# Show $\max_{r\equiv (r_1,…, r_M) \in \mathbb{R}^M} \sum_{k=1}^M \mu_k r_k - \log\Big(\sum_{k=1}^M \exp(r_k) \Big)= \sum_{k=1}^M \mu_k \log(\mu_k)$

I am struggling with the following maximisation problem. Take a vector $\mu\equiv (\mu_1,..., \mu_M)\in \mathbb{R}^M$ such that $\mu_k\in [0,1]$ $\forall k=1,...,M$ and $\sum_{k=1}^M \mu_k=1$.

I want to show that

$$\max_{r\equiv (r_1,..., r_M) \in \mathbb{R}^M} \sum_{k=1}^M \mu_k r_k - \log\Big(\sum_{k=1}^M \exp(r_k) \Big)= \sum_{k=1}^M \mu_k \log(\mu_k)$$

I write first order conditions $$\begin{cases} \mu_1-\frac{\exp(r_1)}{\sum_{k=1}^M \exp(r_k)}=0\\ ...\\ \mu_M-\frac{\exp(r_M)}{\sum_{k=1}^M \exp(r_k)}=0\\ \end{cases}$$ $$\Updownarrow$$ $$\begin{cases} r_1=\log(\mu_1)+\log(\sum_{k=1}^M \exp(r_k))\\ ...\\ r_M=\log(\mu_M)+\log(\sum_{k=1}^M \exp(r_k)) \end{cases}$$ and assuming that this is the maximum, we can put it in the objective function and get the result.

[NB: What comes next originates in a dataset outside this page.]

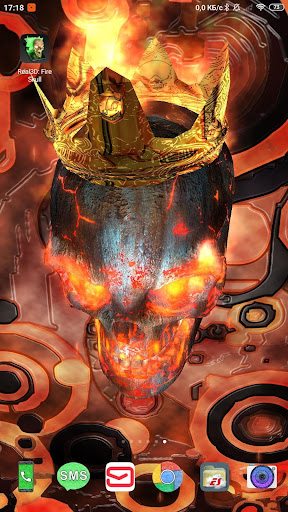 Skull wallpaper Screen 2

Now I need to ensure that we have a maximum and at this point I'm lost in the computation of the Hessian because I get many zeros. Could you help me with that part?

You are done if you prove that the function is concave, that is the function log-sum-exp is convex. Two ways to do it is here and here. Another way is to use induction: prove first that $\ln(1+\exp{t})$ is convex and increasing. Then

1. $\ln(\exp{r_1}+\exp{r_2})=r_1+\ln(1+\exp(r_2-r_1))$ is convex.
2. Assume $\ln(\sum_{i=1}^M\exp{r_i})$ convex. Then $$\ln\Big(\sum_{i=1}^{M+1}\exp{r_i}\Big)=r_{M+1}+\ln\Big(1+\sum_{i=1}^M\exp(r_i-r_{M+1})\Big)=r_{M+1}+\ln\Big(1+\exp\underbrace{\ln\sum_{i=1}^Me^{r_i-r_{M+1}}}_{\text{convex}}\Big)$$ is convex.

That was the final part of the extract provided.